TASK DESCRIPTION: Copy the data below exactly, omitting any picture it contains.

INPUT DATA:
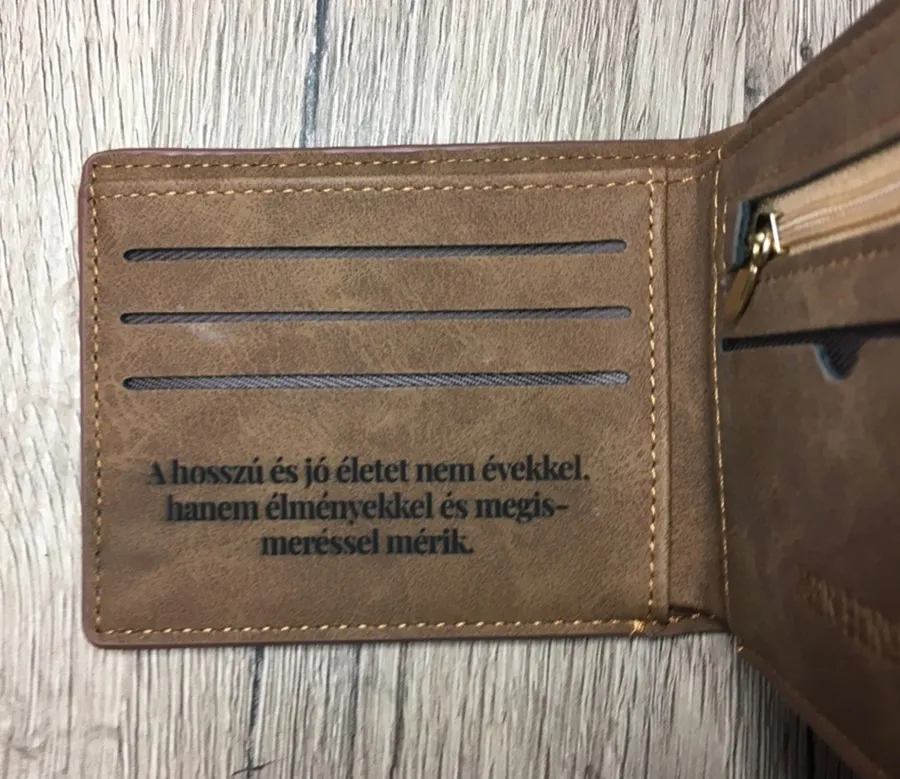 Gravírozott Idézetes referencia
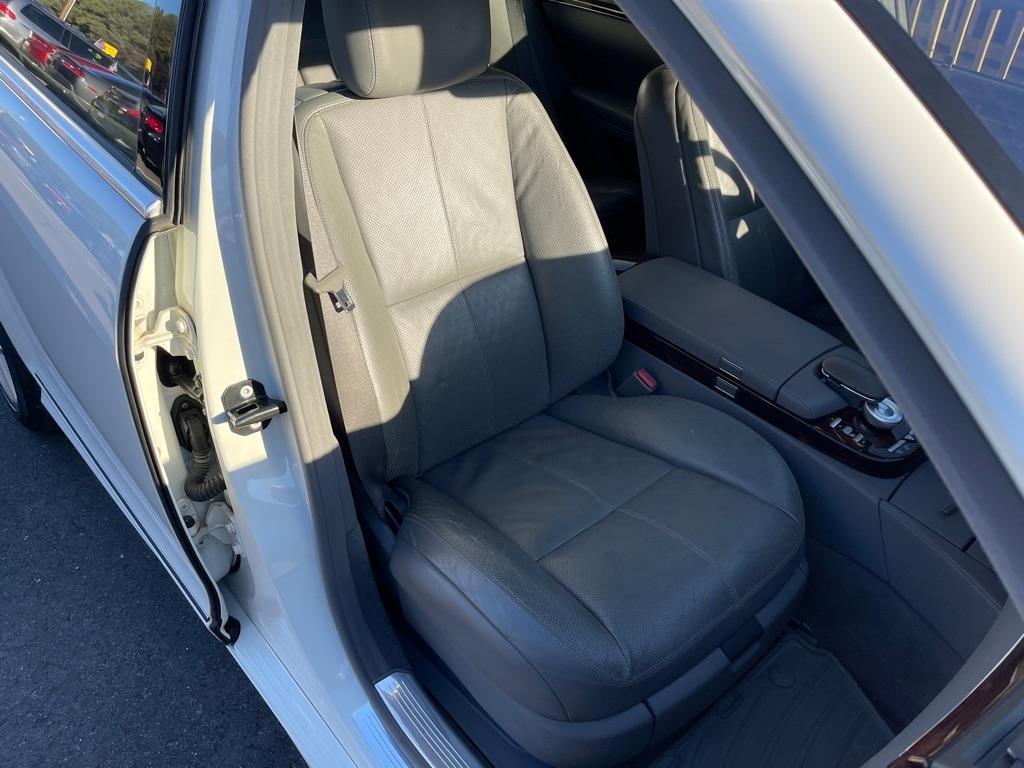 Mercedes-Benz S-Class S550 2007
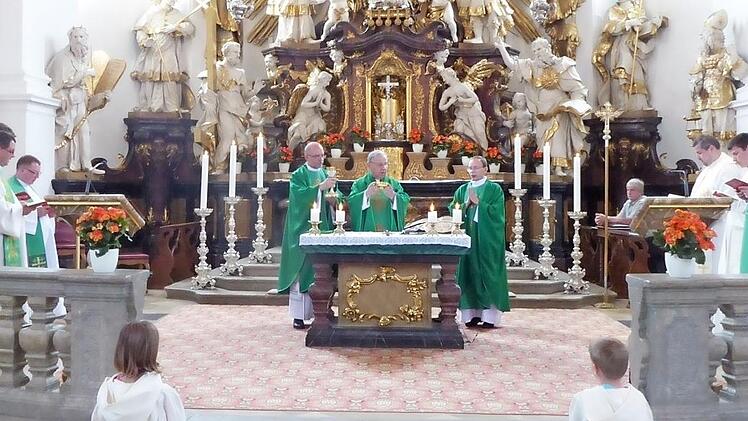 Bischof Jan Kopiec (Mitte), Jan Hlavka (r.) und Jan Pyka (l.) konzelebrieren den Gottesdienst in der Basilika.  Foto: Thomas Weichert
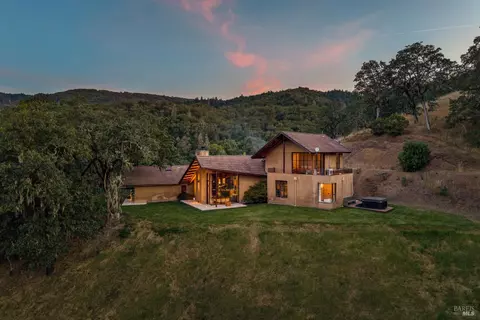 Exterior - 4752 Burke Hill Dr, Ukiah, CA 95482 photo 2 of 14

ANSWER BOX:
 Gravírozott Idézetes referencia
 Mercedes-Benz S-Class S550 2007
 Bischof Jan Kopiec (Mitte), Jan Hlavka (r.) und Jan Pyka (l.) konzelebrieren den Gottesdienst in der Basilika.  Foto: Thomas Weichert
 Exterior - 4752 Burke Hill Dr, Ukiah, CA 95482 photo 2 of 14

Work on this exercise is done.